WITS, CPITS, and Ode to the Color Black

I was searching the web for poems to use as examples tomorrow while teaching my Regnart GATE students about odes. I found this great site, called WITS: Writers in the Schools. I love the site, so clean and easy to see all the poems, and great art and photos as well. I'm so happy I found this. There are also some great ode poems about things like turtles and the color black. I'm grateful to these teachers and to their students. I can't tell if they are a national organization, or Texas?? I also really like how the post photos from flickr and document that on the site. Wow, I just am in love with them today.
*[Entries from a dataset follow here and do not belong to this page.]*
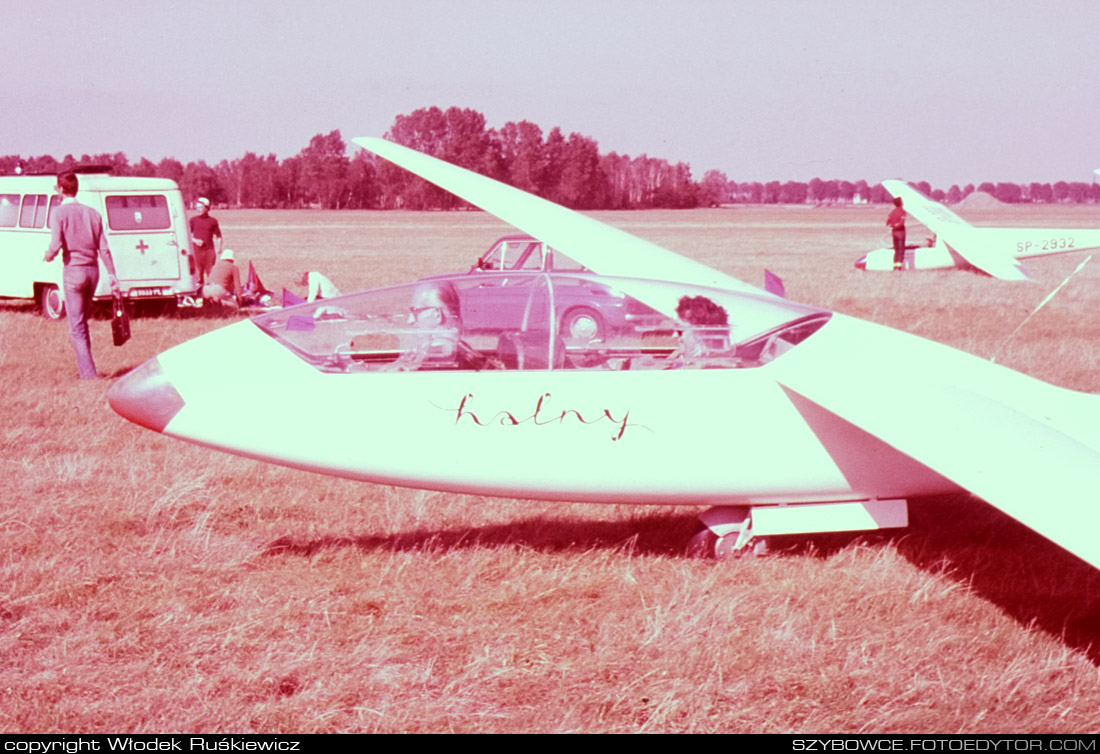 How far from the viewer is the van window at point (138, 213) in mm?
17328

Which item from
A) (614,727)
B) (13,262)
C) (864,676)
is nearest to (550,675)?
(614,727)

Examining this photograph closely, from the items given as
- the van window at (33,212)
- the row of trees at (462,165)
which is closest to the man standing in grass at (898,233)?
the van window at (33,212)

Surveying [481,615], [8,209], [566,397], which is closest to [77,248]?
[566,397]

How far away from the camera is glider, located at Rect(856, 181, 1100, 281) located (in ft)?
72.9

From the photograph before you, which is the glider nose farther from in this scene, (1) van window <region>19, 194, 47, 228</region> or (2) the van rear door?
(1) van window <region>19, 194, 47, 228</region>

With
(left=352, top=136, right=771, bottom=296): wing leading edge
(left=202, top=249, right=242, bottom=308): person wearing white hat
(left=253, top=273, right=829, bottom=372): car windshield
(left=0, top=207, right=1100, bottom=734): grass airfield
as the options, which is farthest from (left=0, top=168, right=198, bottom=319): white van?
(left=253, top=273, right=829, bottom=372): car windshield

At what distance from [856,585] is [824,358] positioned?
120cm

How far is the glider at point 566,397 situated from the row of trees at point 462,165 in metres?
84.4

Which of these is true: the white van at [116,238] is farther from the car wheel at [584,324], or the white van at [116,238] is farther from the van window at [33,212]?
the car wheel at [584,324]

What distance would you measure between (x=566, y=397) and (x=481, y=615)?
1.16m

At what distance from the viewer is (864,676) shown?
4980 mm

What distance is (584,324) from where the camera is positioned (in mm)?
6023

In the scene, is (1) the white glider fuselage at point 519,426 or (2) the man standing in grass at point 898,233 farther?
(2) the man standing in grass at point 898,233

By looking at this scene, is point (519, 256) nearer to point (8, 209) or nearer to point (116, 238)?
point (116, 238) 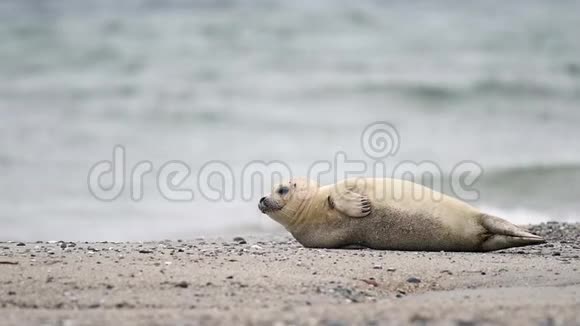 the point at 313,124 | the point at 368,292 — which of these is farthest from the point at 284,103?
the point at 368,292

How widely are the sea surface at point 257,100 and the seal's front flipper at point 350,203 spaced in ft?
11.8

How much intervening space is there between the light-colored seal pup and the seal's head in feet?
0.32

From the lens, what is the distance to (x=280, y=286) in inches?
188

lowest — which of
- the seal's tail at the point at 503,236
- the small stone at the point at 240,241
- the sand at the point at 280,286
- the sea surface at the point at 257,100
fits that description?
the sand at the point at 280,286

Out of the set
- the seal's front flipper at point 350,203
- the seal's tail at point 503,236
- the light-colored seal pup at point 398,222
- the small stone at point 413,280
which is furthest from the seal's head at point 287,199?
the small stone at point 413,280

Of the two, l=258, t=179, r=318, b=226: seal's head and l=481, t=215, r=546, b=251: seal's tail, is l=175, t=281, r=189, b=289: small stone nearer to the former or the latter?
l=258, t=179, r=318, b=226: seal's head

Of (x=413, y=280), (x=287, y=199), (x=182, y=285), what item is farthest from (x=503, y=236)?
(x=182, y=285)

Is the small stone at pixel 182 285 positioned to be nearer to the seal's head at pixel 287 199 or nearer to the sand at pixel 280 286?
the sand at pixel 280 286

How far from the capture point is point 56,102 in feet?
53.7

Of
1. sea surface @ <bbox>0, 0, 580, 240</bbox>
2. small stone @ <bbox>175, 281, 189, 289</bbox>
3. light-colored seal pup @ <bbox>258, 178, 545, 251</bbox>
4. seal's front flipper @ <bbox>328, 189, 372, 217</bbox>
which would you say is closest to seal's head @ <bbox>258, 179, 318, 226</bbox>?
light-colored seal pup @ <bbox>258, 178, 545, 251</bbox>

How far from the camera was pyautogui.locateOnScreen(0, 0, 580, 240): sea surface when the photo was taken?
37.0 ft

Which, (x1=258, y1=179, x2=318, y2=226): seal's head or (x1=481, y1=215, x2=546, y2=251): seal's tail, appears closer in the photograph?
(x1=481, y1=215, x2=546, y2=251): seal's tail

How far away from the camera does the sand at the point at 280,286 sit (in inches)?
158

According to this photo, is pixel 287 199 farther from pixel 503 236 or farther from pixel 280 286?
pixel 280 286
Here is my favorite poem from their site:

Ode to the Color Black

In darkness,
beauty ebony
rises,
envelops all. Cold,
warm nothing.
Infinite pools
holding
infinite thoughts, deep
and hidden. Blackness
is the only one
with the power to
hold memories, to
induce forgetfulness.

Every person
has
two caches of
blackness. They are
your eyes. You see
with black
holes, pools, wells
of meaning,
meaninglessness.
Black means
print on paper,
pupils,
emptiness,
nothing. But black
has turned bitter. The world
believes black
is a
horrible color.
Black hearts
are full of cruelty.
Black cats
bring bad luck.
But black
is beautiful. Black
is eternal.

by Maya, 7th grade

[painting by Mark Rothko]

(c) Writers in the Schools 2007-2010.

2 comments:

Robin said...

Hi Jen, Thanks for featuring the WITS blog here! We're a Houston program, sister to CPITS, but we also lead a national alliance of WITS-type programs called The WITS Alliance. Will you be attending AWP this year? We will have oodles of activities there! Robin

Allison said...

What a beautiful poem! I love the lines "Black cats bring bad luck. But black is beautiful. Black is eternal."

VERY impressive for a seventh grader!